Featured Artist 65
E-Trim
Bart Van Eynde
E-Trim can't yet look back on a really long Audiotool career. But that's no reason for not taking a closer look at his nihilistically minimal approach. Whether he is letting off steam in physical Drum and Bass and Neurofunk tracks - in which milieu he obviously feels at home - or groping his way toward minimal Techno, he does both with the same intuition for dark but forceful Club Music.
Interview
Bart Van Eynde Place: Herentals, Belgium Age: 36 Profession: High school Teacher (electrics, mechanics, CAD design, ...), no I'm not the enemy ;)
- Musical Style
- I mainly make bass driven dark drum n' bass and neurofunk, but occasionally I try some other things. Recently I'm also doing some dark minimal techno. The best word to describe my style is "Dark". My goal on Audiotool is to one day make a perfect, pitch black track :)
- Musical Background
- When I was like ten years old I found an acoustic guitar on one of the closets at home. Intrigued by it I grabbed it and a little booklet with chord fingering fell to the floor. Since that day I tortured my fingertips every day learning the chord fingering and trying to make clean chord progressions. At the age of 12 I bought my first electric guitar and amp. A Fender Strat copy and an 80 watt Marshall amp. Years went by playing cover bands until my brother's punkrock band asked me to fill in for one of their guitar players. This interim job had gotten a little out of hand and I became a true band member. Some line-up changes (and new guitars) later we found a good singer which gave us the opportunity play all over Belgium, some gigs in the Netherlands and even France. Gaining local recognition, we even signed an underground Punk-Rock record label. We recorded 2 full Cd's and we even were the opening act for bands like Pennywise, Bad Religion, Rise Against ... In 2013 I quit the band due to lack of time. I felt like I was holding down the band. My father was a big rock fan so I grew up with great bands like Pink Floyd, Uriah Heep, Black Sabbath, Deep Purple etc ... I always listened to Grunge, Rock, Metal and Punkrock/hardcore music and later evolved to listening to Progressive rock and metal (the weird and complicated song structures became my new love). I always hated electronical music ... man ... was I wrong :D
- Started making music
- At the age of 10 I started composing some little tracks on my guitar. As a 12-year-old I composed some more complex guitar tracks (still very basic compared to the sh#t I've composed later). Helped writing 3 full Cd's with my former band (last one I didn't record because I quit).
- On Audiotool
- One day I had to replace a teacher that was on sick-leave. The students of that class didn't had a task so we just started a conversation about music genres and stuff and one of the students showed me Audiotool. At that time I was searching a tool to make drums and synths to make Progressive Rock/Metal myself and it seemed like a cool program. So I started experimenting with the synths and started listening to the published tracks. I learned allot from Infy's tutorials and it was so much fun I never even really came to the part of making Progressive Rock. Spent allot of time experimenting before I published my first track.

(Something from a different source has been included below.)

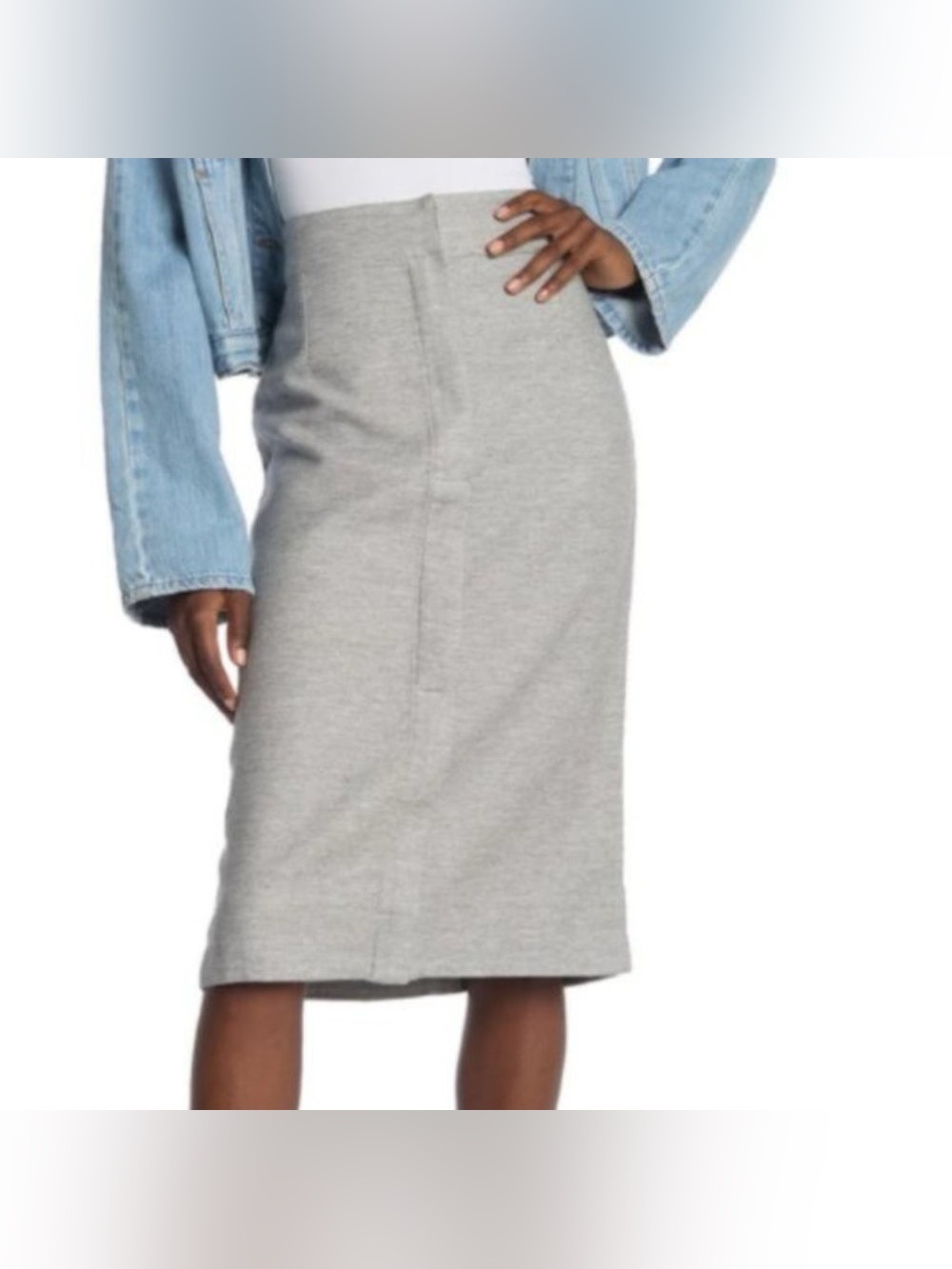 Free People Zipline convertible slit front high waisted pencil midi skirt size 6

- Message to the community
- Good music always comes from the heart and there's no better way to do it with a (FREE) program that's build from the heart. I never used any other DAWs so I can't compare, but until now I always could make what I wanted to make. Sure there is some lag involved, but I blame my laptop for that ... not Audiotool :) My advise to everyone is to make music for yourself and don't care to much about followers, favs and stuff. Sure it is nice and flattering but use this community to learn and share. Make friends, give real critique, collaborate, don't rush into making that next track. Make a track the best you can and then on a beautiful day u get featured ;) Thanks to all Audiotoolers that have supported me during my journey. This feature has happened because of y'all. Thanks allot Audiotool-crew for giving me an outlet to express my (mostly dark) feelings and spread it on this awesome community. And a big thank you for featuring me. I never thought it would happen to me.